When you return the material, keep every line exactly as it is and omit the pictures.

Raw data:
= = =

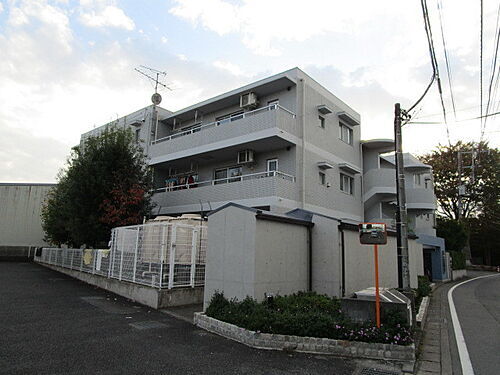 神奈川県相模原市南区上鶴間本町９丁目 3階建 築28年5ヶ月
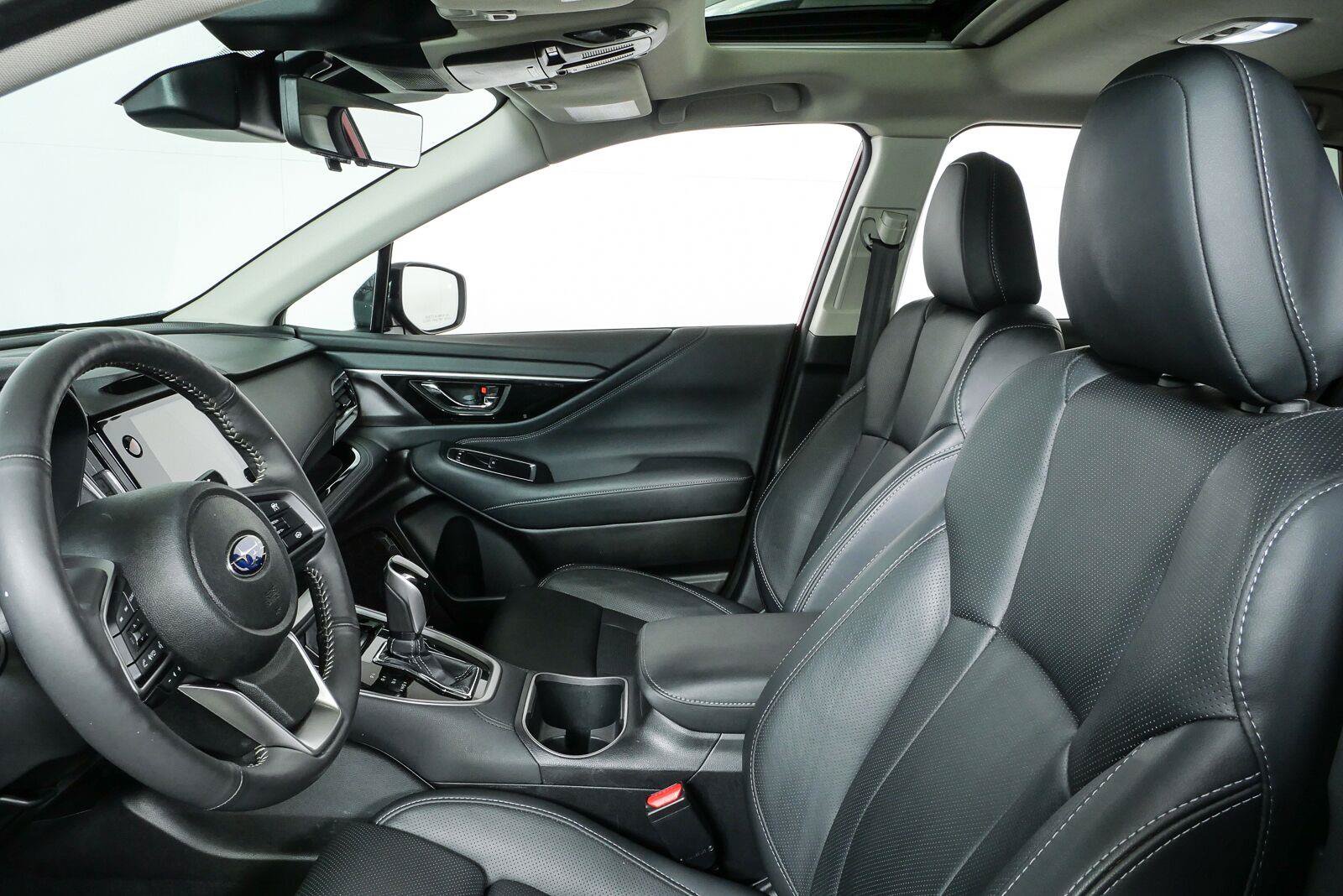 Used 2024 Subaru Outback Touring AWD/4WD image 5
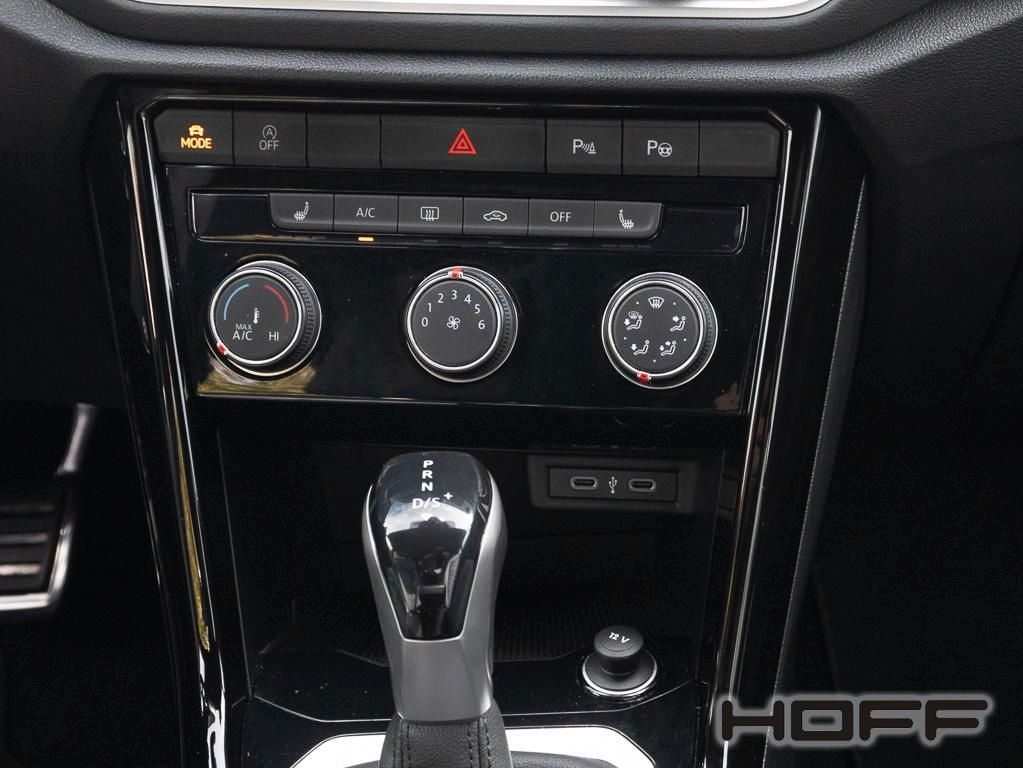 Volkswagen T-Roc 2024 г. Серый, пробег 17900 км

= = =

Solution below:
 神奈川県相模原市南区上鶴間本町９丁目 3階建 築28年5ヶ月
 Used 2024 Subaru Outback Touring AWD/4WD image 5
 Volkswagen T-Roc 2024 г. Серый, пробег 17900 км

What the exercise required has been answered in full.